Home > International Report > The Americas > Truck drivers desperately wanted by food and beverage companies

The Americas

20 July 2018

Truck drivers desperately wanted by food and beverage companies

At the Beverage Forum in Chicago in April 2018, there was already angsty talk of a shortage of truck drivers, hampering brewers and wholesalers’ ability to get their products into consumers’ hands on time.

“There are ten truckloads waiting to be moved for every driver available right now,” Holly Pixler, Senior Director of Transportation and Logistics at MillerCoors, was quoted as saying.

For its part, MillerCoors has been working to mitigate the effects, Ms Pixler said. The company relies on third-party carriers to move products from its breweries to the independent wholesalers that supply retailers.

There are several reasons for the shortage of qualified commercial drivers. One, a surging US economy and continued double-digit growth of e-commerce. Two, a booming construction industry tying up more trucks; Three, a low unemployment rate. Four, a new federal rule requiring drivers to electronically track their hours behind the wheel.

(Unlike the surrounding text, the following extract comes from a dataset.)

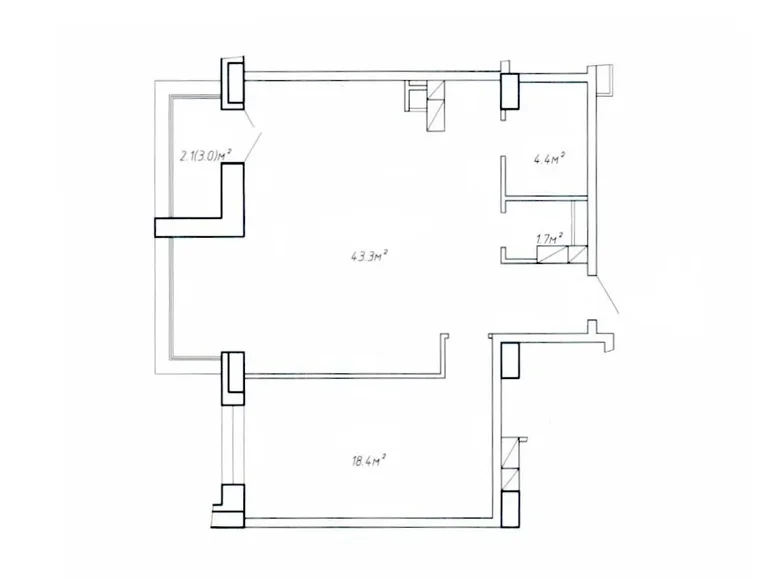 2 room apartment 70 m² Minsk, Belarus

What brewers and wholesalers do not like to mention but observers say is a pressing problem: many job applicants do not pass the required drug test. This may serve as a forewarning of the disruptions legalised cannabis will cause.

There’s little relief in sight. Without an influx of new drivers, the American Trucking Associations, an industry body, predicts the industry will be short by 63,000 drivers – out of a total of 500,000 – by the end of the year. This number could rise to 170,000 vacancies by 2026.